— HOW TO COMPLETE THIS TASK —
Needed from the data below: every line from the one with "Used 2024 GMC Yukon SLE AWD/4WD image 4" up to and including the one with "Piaggio Liberty 125 ABS Negra", repeated exactly and with nothing else.

(Short web captions)
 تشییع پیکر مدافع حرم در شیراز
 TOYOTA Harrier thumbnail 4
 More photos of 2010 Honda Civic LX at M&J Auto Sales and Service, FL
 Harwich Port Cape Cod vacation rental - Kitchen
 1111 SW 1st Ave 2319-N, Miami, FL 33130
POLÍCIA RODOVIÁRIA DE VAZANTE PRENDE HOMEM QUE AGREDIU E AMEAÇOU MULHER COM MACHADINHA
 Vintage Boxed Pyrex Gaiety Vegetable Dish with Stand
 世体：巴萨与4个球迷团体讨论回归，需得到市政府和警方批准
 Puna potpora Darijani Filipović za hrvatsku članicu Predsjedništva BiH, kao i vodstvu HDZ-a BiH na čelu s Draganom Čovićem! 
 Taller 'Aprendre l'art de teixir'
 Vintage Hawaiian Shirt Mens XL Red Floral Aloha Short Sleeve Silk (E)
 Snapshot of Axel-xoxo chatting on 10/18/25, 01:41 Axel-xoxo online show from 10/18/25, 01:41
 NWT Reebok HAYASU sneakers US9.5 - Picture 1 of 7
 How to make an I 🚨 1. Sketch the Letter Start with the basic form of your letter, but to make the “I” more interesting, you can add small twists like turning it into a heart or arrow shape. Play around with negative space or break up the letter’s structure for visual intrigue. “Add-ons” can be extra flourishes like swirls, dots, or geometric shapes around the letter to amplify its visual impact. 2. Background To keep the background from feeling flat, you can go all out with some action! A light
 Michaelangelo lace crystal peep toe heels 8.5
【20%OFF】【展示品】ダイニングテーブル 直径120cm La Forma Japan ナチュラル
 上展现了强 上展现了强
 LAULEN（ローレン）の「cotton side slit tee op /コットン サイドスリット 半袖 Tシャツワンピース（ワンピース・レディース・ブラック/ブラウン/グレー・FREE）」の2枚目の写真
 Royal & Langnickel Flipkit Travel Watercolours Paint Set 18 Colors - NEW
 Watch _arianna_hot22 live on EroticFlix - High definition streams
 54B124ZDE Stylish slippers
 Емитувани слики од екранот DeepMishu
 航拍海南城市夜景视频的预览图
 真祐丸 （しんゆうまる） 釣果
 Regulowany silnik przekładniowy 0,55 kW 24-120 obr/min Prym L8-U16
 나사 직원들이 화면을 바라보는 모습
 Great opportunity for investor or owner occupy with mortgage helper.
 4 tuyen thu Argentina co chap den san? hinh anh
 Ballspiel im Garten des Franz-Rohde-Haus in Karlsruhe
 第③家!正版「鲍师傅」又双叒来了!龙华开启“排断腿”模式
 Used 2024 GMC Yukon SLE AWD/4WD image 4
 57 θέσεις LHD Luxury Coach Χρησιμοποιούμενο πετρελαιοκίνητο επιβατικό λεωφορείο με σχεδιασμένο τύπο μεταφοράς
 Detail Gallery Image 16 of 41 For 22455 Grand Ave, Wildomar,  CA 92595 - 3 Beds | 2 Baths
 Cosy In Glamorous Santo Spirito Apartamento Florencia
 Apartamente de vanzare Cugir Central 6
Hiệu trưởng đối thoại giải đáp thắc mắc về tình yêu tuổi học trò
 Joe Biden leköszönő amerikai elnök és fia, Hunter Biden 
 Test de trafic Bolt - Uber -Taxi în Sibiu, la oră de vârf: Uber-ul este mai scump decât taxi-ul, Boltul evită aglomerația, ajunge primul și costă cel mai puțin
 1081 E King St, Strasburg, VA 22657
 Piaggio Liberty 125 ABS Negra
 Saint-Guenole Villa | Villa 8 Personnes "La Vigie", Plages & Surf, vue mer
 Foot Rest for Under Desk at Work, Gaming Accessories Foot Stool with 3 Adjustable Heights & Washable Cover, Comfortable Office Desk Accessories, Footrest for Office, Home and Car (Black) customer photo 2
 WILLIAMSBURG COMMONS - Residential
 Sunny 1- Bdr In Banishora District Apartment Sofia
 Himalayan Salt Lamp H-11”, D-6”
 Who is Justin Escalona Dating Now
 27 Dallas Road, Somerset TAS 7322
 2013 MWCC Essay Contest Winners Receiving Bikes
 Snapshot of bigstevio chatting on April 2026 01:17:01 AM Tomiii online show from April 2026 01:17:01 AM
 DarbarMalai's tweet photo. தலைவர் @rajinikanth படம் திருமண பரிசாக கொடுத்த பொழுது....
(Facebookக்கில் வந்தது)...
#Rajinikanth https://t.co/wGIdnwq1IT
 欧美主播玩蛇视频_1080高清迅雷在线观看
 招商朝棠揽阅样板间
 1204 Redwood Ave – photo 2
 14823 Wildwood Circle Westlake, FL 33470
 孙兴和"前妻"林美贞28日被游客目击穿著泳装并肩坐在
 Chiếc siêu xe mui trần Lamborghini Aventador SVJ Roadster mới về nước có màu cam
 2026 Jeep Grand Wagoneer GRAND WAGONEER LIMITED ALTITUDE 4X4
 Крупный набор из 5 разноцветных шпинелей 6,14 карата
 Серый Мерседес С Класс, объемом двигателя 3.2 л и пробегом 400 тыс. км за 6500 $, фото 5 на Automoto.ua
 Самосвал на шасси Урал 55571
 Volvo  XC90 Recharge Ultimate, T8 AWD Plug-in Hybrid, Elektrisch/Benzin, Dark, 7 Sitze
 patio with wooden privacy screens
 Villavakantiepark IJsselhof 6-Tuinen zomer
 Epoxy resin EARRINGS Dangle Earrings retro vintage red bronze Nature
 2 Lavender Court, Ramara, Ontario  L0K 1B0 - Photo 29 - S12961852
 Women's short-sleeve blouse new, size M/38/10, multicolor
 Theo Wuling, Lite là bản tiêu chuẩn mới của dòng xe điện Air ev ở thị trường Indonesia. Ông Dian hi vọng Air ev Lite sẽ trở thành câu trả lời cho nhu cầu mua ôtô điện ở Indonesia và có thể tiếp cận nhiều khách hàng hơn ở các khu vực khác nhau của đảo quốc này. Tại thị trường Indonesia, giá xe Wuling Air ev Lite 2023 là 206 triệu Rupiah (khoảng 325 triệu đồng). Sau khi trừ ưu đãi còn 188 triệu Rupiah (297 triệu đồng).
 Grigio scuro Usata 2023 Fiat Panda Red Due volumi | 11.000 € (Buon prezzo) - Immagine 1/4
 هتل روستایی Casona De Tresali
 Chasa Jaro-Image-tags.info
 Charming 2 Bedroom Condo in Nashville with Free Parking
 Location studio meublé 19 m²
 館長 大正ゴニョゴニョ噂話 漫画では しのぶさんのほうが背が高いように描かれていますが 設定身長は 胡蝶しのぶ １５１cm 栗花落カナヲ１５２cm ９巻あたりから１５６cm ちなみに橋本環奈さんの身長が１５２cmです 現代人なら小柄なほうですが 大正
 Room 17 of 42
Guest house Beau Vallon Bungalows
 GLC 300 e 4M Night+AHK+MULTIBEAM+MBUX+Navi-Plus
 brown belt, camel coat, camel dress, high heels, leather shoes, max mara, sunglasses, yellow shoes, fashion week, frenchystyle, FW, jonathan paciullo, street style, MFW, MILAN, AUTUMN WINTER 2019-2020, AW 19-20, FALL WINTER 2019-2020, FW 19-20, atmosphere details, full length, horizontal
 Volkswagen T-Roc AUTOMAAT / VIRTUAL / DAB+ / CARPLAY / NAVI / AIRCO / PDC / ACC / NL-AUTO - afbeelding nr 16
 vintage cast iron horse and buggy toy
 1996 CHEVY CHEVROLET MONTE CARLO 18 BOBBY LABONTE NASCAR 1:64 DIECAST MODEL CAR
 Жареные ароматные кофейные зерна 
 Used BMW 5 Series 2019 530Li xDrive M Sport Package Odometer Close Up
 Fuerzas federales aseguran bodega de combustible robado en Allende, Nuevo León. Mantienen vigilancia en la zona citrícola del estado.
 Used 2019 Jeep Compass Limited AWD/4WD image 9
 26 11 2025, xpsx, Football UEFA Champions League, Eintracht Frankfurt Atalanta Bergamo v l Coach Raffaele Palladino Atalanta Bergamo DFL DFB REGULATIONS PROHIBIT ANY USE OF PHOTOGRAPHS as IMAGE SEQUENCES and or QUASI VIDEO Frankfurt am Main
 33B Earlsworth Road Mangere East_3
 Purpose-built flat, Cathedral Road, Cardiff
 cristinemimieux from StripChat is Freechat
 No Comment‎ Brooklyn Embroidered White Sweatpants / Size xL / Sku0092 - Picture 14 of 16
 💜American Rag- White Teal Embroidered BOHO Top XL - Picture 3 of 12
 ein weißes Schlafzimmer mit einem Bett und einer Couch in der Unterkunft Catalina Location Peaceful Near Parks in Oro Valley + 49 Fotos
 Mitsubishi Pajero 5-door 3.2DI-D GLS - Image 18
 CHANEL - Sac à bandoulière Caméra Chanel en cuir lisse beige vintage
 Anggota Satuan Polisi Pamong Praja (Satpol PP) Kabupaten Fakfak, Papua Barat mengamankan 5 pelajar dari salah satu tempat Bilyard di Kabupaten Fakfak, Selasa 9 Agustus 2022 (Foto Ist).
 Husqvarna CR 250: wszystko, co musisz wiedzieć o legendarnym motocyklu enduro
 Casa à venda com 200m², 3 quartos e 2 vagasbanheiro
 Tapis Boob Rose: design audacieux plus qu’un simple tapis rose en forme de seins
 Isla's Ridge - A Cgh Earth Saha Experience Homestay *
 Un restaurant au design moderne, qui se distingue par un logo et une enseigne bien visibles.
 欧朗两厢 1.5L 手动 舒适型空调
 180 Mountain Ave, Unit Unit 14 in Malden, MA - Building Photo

— RESPONSE AREA —
 Used 2024 GMC Yukon SLE AWD/4WD image 4
 57 θέσεις LHD Luxury Coach Χρησιμοποιούμενο πετρελαιοκίνητο επιβατικό λεωφορείο με σχεδιασμένο τύπο μεταφοράς
 Detail Gallery Image 16 of 41 For 22455 Grand Ave, Wildomar,  CA 92595 - 3 Beds | 2 Baths
 Cosy In Glamorous Santo Spirito Apartamento Florencia
 Apartamente de vanzare Cugir Central 6
Hiệu trưởng đối thoại giải đáp thắc mắc về tình yêu tuổi học trò
 Joe Biden leköszönő amerikai elnök és fia, Hunter Biden 
 Test de trafic Bolt - Uber -Taxi în Sibiu, la oră de vârf: Uber-ul este mai scump decât taxi-ul, Boltul evită aglomerația, ajunge primul și costă cel mai puțin
 1081 E King St, Strasburg, VA 22657
 Piaggio Liberty 125 ABS Negra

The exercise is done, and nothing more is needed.